How to Study and Why

Retrieval Practice

Retrieval practice is the process of recalling concepts, facts, or events from memory. Memory retrieval strengthens the memory and decreases forgetfulness. The neural pathways in the brain that make up a body of learning get strong every time the memory is successfully retrieved and practiced. Flash cards and a simple quiz after reading or hearing a lecture are prime examples of retrieval practice. Retrieval practice works because every time you successfully recall information, you are strengthening those retrieval routes. Quizzing yourself provides you the ability to assess what you learned, and areas that you are still weak in. This avoids fake illusions of mastering the material by finding errors and correcting them. Restudying something if you fail to retrieve it from memory helps you learn it better as opposed to not trying to recall it in the first place.

Spaced Out Practice

Spaced practice is repeated practice, but leaving significant time in between practice sessions. There should be about a day or so after coming back to study new material after the initial session. Spaced practice works better than massed practice (cramming). When you are trying to drill new learning into your long-term memory, it utilizes a process called consolidation. This is when memory traces are being connected to prior knowledge, given meaning, and made stronger. The consolidation process can take hours to several days to commit new information to long-term memory. Spaced practice requires effort, and the increased effort that is needed to retrieve what was learned after some time has passed and material has been forgotten helps to retrigger consolidation. The memory of the new knowledge is then stronger, and forgetfulness happens less.

Interleaving Practice

Interleaving practice means mixing up different types of problems, examples, subjects, or skills to ultimately maximize retention and long-term performance. Mixing your study practice with various problem types tests your ability to recognize the problem type and decipher the correct solution. Interleaving is better than massed practice and rereading because it improves the ability to discern between types, recognize similar characteristics in a type, and enhance success in future tests and/or real life settings. Interleaving does impede performance during training, feels counterintuitive, and like learning is going slower. However, numerous studies have proven time and time again that the more effort you put into learning, the more it sticks.

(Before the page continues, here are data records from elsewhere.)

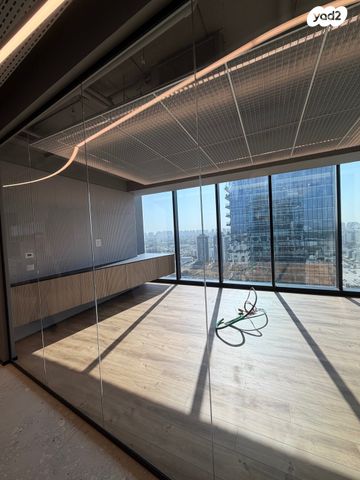 משרדים, תוצרת הארץ, פתח תקווה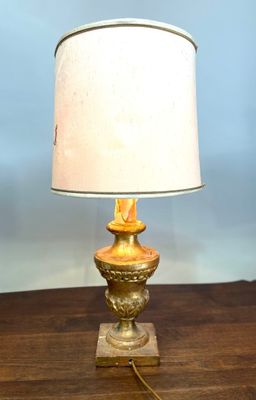 une image représentant une lampe posée sur une table en bois, avec un abat-jour blanc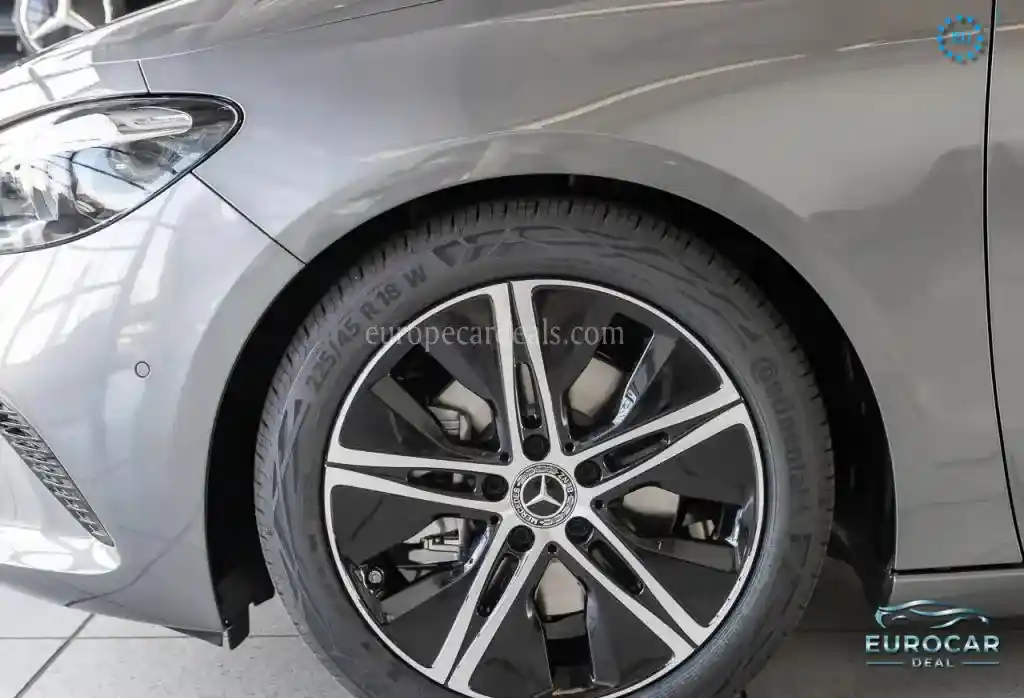 Mercedes-Benz B 220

Misconceptions of Learning

Assumption that Everybody Learns Differently

Most of us have been taught that we are specific types of learners. For example, people have been labeled as visual, audio, kinesthetic, or reading learners. This is a very common misconception about learning. It’s not supported by science, and it embeds into students a negative, misguided sense of limited potential. The reality is when the instructional style coincides with the nature of the material all students/learners learn better. The different preferences for how the material is presented becomes irrelevant. Instead of a learning styles technique that isn’t proven to work, dynamic testing is a more suitable approach to learning. Dynamic testing helps to identify weaknesses, and improve them.

Easy Learning Isn’t Better Learning

Another misconceived notion about learning is that the learning should feel easy, intuitive, and fun. If it is difficult or stressful then you’re not learning correctly. This is wrong. Psychologists have discovered that the easier the knowledge is for you to recall, the less your retrieval practice will encode it into long-term memory . Methods that require more effort, like retrieval practice as opposed to rereading, will feel counterintuitive, less productive, and maybe even pointless. But, it makes learning stronger, specific, and longer lasting in the long run.

Rereading and Massed Practice

Rereading material over and over and massed practice (commonly known as cramming), are by far the most popular study methods, but actually the least productive. These methods just give the false illusion of mastery of material, but may be only good for immediate testing/quizzing, and short-term memory.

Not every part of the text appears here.